Task:
In the records below, find the line that contains "Earlooping Earlooping Tire", then write out that line and each one after it exactly, up to and including the last.

Records to process:
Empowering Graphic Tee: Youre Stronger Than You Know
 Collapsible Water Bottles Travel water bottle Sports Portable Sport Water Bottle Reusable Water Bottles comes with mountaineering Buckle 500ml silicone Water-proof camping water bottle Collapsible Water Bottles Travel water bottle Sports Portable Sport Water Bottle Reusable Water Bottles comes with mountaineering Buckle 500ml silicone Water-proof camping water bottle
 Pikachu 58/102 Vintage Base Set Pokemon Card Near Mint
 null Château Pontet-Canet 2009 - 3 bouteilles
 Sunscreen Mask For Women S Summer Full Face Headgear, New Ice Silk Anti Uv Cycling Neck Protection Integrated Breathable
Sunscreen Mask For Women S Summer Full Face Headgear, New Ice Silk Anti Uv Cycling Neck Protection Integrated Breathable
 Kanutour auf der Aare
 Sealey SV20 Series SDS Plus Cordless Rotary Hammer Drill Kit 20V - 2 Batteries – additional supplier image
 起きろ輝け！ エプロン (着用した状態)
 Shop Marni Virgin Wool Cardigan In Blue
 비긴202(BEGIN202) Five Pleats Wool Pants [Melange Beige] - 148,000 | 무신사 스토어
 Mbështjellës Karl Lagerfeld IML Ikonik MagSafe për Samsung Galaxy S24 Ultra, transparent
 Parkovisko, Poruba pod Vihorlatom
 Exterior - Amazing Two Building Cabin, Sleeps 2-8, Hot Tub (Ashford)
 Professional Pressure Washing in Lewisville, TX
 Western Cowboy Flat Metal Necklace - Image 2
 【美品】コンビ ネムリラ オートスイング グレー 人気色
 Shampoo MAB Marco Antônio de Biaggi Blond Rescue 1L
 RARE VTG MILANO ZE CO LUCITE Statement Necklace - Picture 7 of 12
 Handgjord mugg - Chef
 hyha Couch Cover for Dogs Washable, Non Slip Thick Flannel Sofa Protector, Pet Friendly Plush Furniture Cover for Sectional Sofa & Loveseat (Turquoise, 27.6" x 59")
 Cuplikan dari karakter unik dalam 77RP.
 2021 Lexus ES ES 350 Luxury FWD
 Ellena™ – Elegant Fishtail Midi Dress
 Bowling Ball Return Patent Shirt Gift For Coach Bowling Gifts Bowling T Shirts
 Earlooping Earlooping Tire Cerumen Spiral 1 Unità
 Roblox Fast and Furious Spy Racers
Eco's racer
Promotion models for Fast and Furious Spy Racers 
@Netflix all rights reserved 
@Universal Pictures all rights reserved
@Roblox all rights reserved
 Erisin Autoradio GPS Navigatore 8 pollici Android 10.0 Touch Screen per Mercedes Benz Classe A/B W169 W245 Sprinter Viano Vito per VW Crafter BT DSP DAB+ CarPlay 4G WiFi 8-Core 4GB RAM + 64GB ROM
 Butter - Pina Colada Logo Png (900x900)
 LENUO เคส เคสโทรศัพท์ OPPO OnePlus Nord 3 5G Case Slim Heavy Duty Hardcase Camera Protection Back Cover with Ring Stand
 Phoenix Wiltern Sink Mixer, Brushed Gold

Answer:
 Earlooping Earlooping Tire Cerumen Spiral 1 Unità
 Roblox Fast and Furious Spy Racers
Eco's racer
Promotion models for Fast and Furious Spy Racers 
@Netflix all rights reserved 
@Universal Pictures all rights reserved
@Roblox all rights reserved
 Erisin Autoradio GPS Navigatore 8 pollici Android 10.0 Touch Screen per Mercedes Benz Classe A/B W169 W245 Sprinter Viano Vito per VW Crafter BT DSP DAB+ CarPlay 4G WiFi 8-Core 4GB RAM + 64GB ROM
 Butter - Pina Colada Logo Png (900x900)
 LENUO เคส เคสโทรศัพท์ OPPO OnePlus Nord 3 5G Case Slim Heavy Duty Hardcase Camera Protection Back Cover with Ring Stand
 Phoenix Wiltern Sink Mixer, Brushed Gold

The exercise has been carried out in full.